作为一个自然言语处理的新手,以前都是在做项目是直接下载别人的模型,进行修改之后直接拿来用。前段时间试着自己搭建seq2seq网络踩了很多的坑,终究是勉强的搭建了起来。在此记录一下分享一下,希望能和正在自然语言处理学习和进阶的伙伴共同努力。写的不好也请各位大神恕罪。
废话不多说了进入正题。在搭建的过程参考大神的项目https://github.com/wb14123/seq2seq-couplet
class seqModel():
def __init__(self,vocab_size,batch_size,unit_nums,layer_size,output_keep_prob,FLAGS):
self.unit_nums=unit_nums
self.vocab_size=vocab_size
self.batch_size=batch_size
self.layer_size=layer_size
self.output_keep_prob=output_keep_prob
self.train_in_seq = tf.placeholder(dtype=tf.int32, shape=[FLAGS.batch_size, None], name="train_in_seq")
self.train_in_seq_len = tf.placeholder(dtype=tf.int32, shape=[FLAGS.batch_size], name="train_in_seqs_len")
self.test_seq = tf.placeholder(dtype=tf.int32, shape=[FLAGS.batch_size, None], name="target_seqs")
self.test_seq_len = tf.placeholder(dtype=tf.int32, shape=[FLAGS.batch_size], name="target_seq_len")
self.output = self.seq2seq(self.train_in_seq, self.train_in_seq_len, self.test_seq, self.test_seq_len)
self.loss = self.seq_loss(self.output, self.test_seq, self.test_seq_len)
self.adam = tf.train.AdamOptimizer(learning_rate=FLAGS.lr)
self.opt = self.adam.minimize(self.loss)
params = tf.trainable_variables()
gradients = tf.gradients(self.loss, params)
clipped_gradients, _ = tf.clip_by_global_norm(
gradients, 0.5)
self.train_op = tf.train.AdamOptimizer(
learning_rate=FLAGS.lr
).apply_gradients(zip(clipped_gradients, params))
seq 模型的初始画函数参数含义:vocab_size 为词典的大小,unit_nums 为lstm神经元的数量,layer_size 为rnn 网络的层数。其它的参数大家看名字就可知道含义就不在此赘言。

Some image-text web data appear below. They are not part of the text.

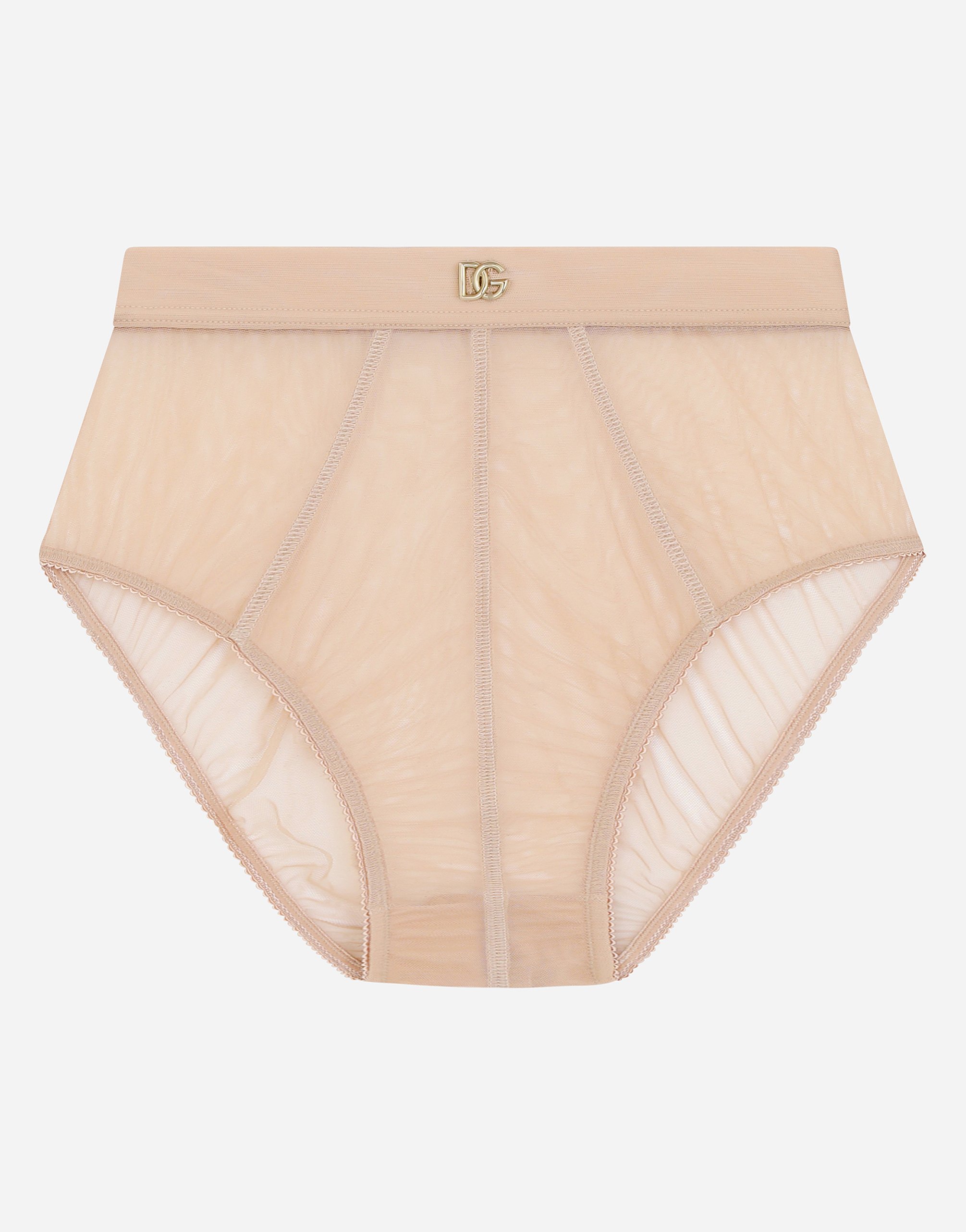 High-waisted tulle briefs with DG logo in Pale Pink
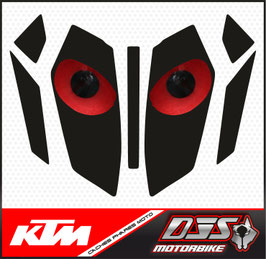 kit complet caches phares microperforés DJS pour KTM duke 390 (2024-2026) - réf yeux 011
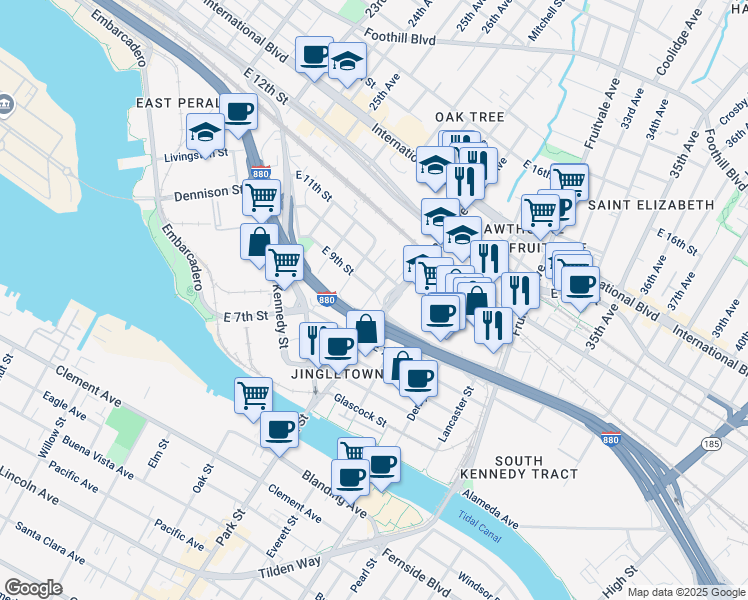 map of restaurants, bars, coffee shops, grocery stores, and more near 2851 E 9th St in Oakland
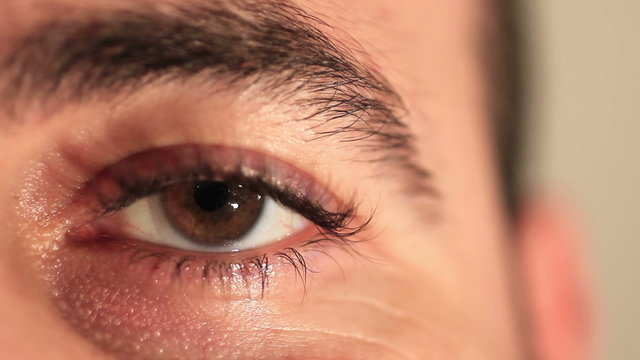 Detail footage of man's eye
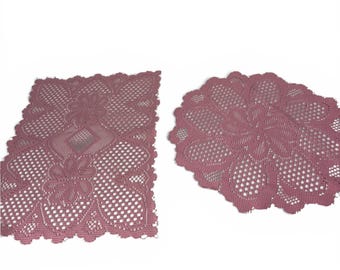 Ensemble de napperon en dentelle mauve vintage rond et rectangulaire floral, linge de table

def encoder(self,encoder_inputs,in_seq_len):
with tf.device('/gpu:0'):
embedding = tf.get_variable(
name='embedding',
shape=[self.vocab_size, self.unit_nums])
embed_input = tf.nn.embedding_lookup(embedding, encoder_inputs, name='embed_input') # 头一层
bi_layer_size = int(self.layer_size / 2)
encode_cell_fw = self.getLayeredCell(bi_layer_size, self.unit_nums, self.output_keep_prob)
encode_cell_bw = self.getLayeredCell(bi_layer_size, self.unit_nums, self.output_keep_prob)
#
bi_encoder_output, bi_encoder_state = tf.nn.bidirectional_dynamic_rnn(
cell_fw=encode_cell_fw,
cell_bw=encode_cell_bw,
inputs=embed_input,
sequence_length=in_seq_len,
dtype=embed_input.dtype,
time_major=False)
# concat encode output and state
encoder_output = tf.concat(bi_encoder_output, -1)
encoder_state = []
for layer_id in range(bi_layer_size):
encoder_state.append(bi_encoder_state[0][layer_id])

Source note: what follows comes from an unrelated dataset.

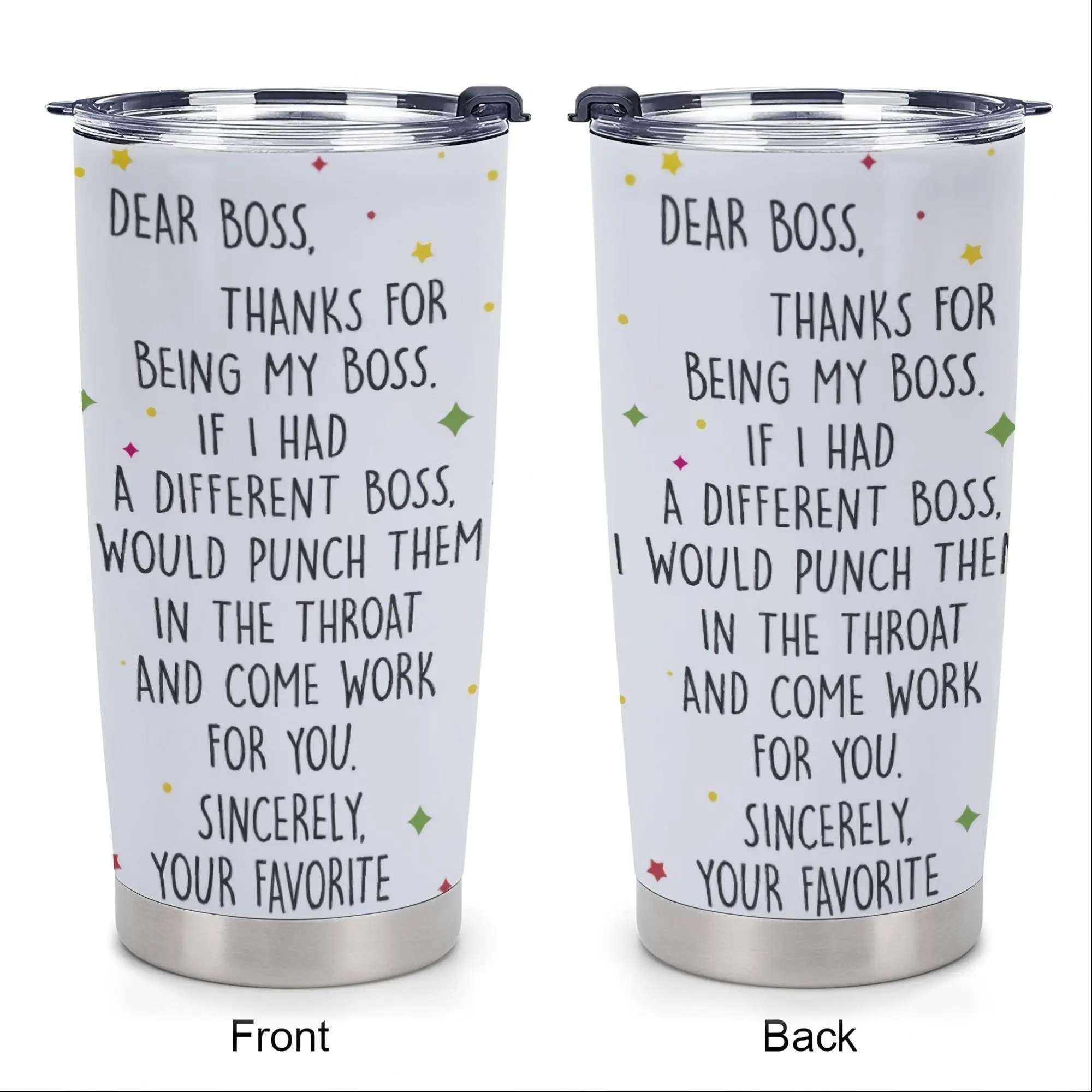 Dear Boss Funny 20 Oz Stainless Steel Tumbler Sarcastic Appreciation Gift Portable Water Bottle for Boss's Day Hilarious Office Drinkware Flasks Perfect for Office Use Lady Coffee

encoder_state.append(bi_encoder_state[1][layer_id])
encoder_state = tuple(encoder_state)
self.encoder_output=encoder_output
self.encoder_state=encoder_state
encoder 对输入进行编码,
tf.nn.embedding_lookup(params, ids, partition_strategy='mod', max_norm=None)
对输入的数据进行映射,将输入的id 映射为vocab_size*unit_nums 的向量。
def getLayeredCell(self,layer_size, num_units, input_keep_prob,
output_keep_prob=1.0):
return tf.contrib.rnn.MultiRNNCell([tf.contrib.rnn.DropoutWrapper(tf.contrib.rnn.BasicLSTMCell(num_units),
input_keep_prob, output_keep_prob) for i in range(layer_size)])
encode_cell_fw,和encode_cell_bw 都为有unit_nums神经元的layer_size 的lstm 网络。
bi_encoder_output为(output_fw, output_bw),是一个包含前向cell输出tensor和后向cell输出tensor组成的二元组。
bi_encoder_state 为(output_state_fw, output_state_bw),包含了前向和后向最后的隐藏状态的组成的二元组。
output_state_fw和output_state_bw的类型为LSTMStateTuple。而LSTMStateTuple由(c,h)组成,分别代表memory cell和hidden state。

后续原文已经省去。